Is Ethical Revitalization the Secret to Avoiding Collapse?

Paul R. Ehrlich | November 19, 2013 | Leave a Comment

The most important ethical question facing society and the scientific community today is whether we can prevent the collapse of global civilization in response to today’s “perfect storm” of environmental problems.  That is, will (or can) we pay enough today to spare future generations from utter disaster?  The interrelated crises of overpopulation, wasteful consumption, rapidly deteriorating life-support systems, growing economic inequity, widespread hunger and poverty, toxification of the planet, declining resources, an increasing threat of resource wars (especially over oil, gas, and fresh water), a worsening epidemiological environment that enhances the probability of unprecedented pandemics, and persistent racial, gender, and religious prejudices that make these problems more difficult to solve, represent the greatest challenge ever faced by Homo sapiens.  The urgency of finding answers is signified by the view of many scientists that society may have only a decade to initiate drastic corrective action, that this complex of interrelated problems is unrecognized by the elites who run the world, and that it has not yet generated a global “issue public” around sustainability.  Civilization is fiddling while its life-support systems burn.

The failure to address the increasingly obvious threats from climate disruption alone have clearly shown that scientific knowledge, even if widely presented to the public, can fail to produce adaptive behavioral change.  One basic reason for this is that human beings have evolved wonderful mechanisms for observing and reacting to sudden changes, in part by mentally holding the environmental background constant to make the changes stand out.  But individuals are not so well equipped to perceive changes in that background, such as the gradual accumulation of greenhouse gases and toxic compounds in their environments.  A rock hurtling toward one’s head is immediately translated into an existential threat; words and charts about rising greenhouse gas concentrations are not.  New ethical norms and institutions are required to develop proper responses to such difficult-to-picture threats.

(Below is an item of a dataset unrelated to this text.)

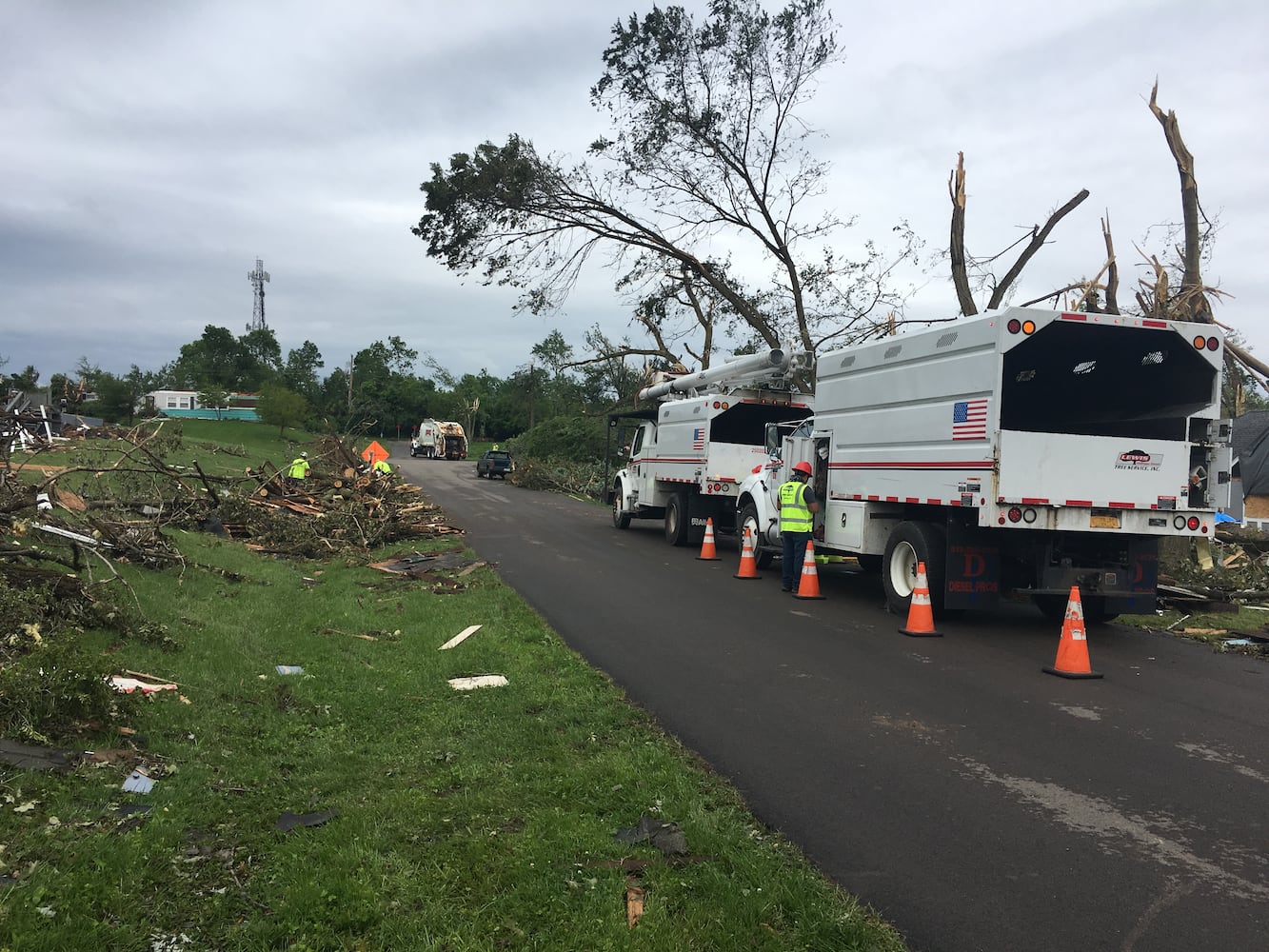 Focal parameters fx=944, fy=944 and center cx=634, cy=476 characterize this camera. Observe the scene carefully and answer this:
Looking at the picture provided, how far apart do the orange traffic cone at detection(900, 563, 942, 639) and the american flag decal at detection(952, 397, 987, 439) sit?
4.73ft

The failure to develop the norms and institutions to overcome this built-in handicap is hardly surprising in view of the endarkenment sweeping the United States today.  Just consider the very successful Republican war on science and education (and women and minorities).  The nation is rapidly regressing from an evidence-based into a faith-based world.  Therefore, I believe environmental scientists must find new ways to communicate the urgent situation to the public, offer practical solutions, and do so in an ethics-focused mode centered on concern for our children and grandchildren.  Ethics are behavioral standards agreed upon by human groups; the challenge now is to very quickly generate a global ethical movement agreeing to change human actions for the benefit of our descendants.  Limited models for such a development might be found in elements of past revitalization movements (early Christianity, ghost dances, “cargo cults,” the civil rights movement), which were generally responses to crises in the physical or social environments, and had prophets (Jesus, Wovoka, Yali, Nelson Mandela, Martin Luther King).

Today’s human predicament has convinced many people that business as usual will not lead to a society that can fulfill most people’s needs.  As a result, an environmental movement has been growing that, like earlier revitalization movements, has produced prophets (Aldo Leopold, Rachel Carson, Garrett Hardin, Jim Hansen, Bill McKibben).  Like many predecessors, it could be considered anti-colonial (Occupy Wall Street), has millenarian expectations (a possible transition to a sustainable and just society), and contains people, at least in the USA, who feel oppressed by a concentration of wealth and power in the hands of a corporate-military state.

An attempt to revitalize environmentalism is the Millennium Alliance for Humanity and the Biosphere (MAHB, mahb.stanford.edu), which is providing a public forum for generating information, insights, and solutions to the global environmental crisis.  It is endeavoring to enlist participation by people from diverse communities, including NGOs, politics, business, universities, philanthropy, religion, and the media in developing a revitalization.  The MAHB attempts to play two key roles.  The first is to focus on all elements of the human predicament and their interactions in trying to advance and disseminate understanding of the escalating threat to civilization.  The second is to generate an appropriate response to the human predicament in the face of global society’s failure to do so.  MAHB hopes to learn from previous successful movements by openly promoting a political agenda that includes dramatically altering the social order (e.g., unregulated capitalism, widening economic inequity, depletion of natural capital) and seeking to develop new norms with a strong focus on ethics (e.g., shunning over-reproduction, competitive consumption, racism, and sexism; caring for both the environment and people in other cultures as well as future generations).  Revitalization seems a tall order, but as I once said[1]  I am convinced that …a quasi-religious movement, one concerned with the need to change the values that now govern much of human activity, is essential to the persistence of our civilization.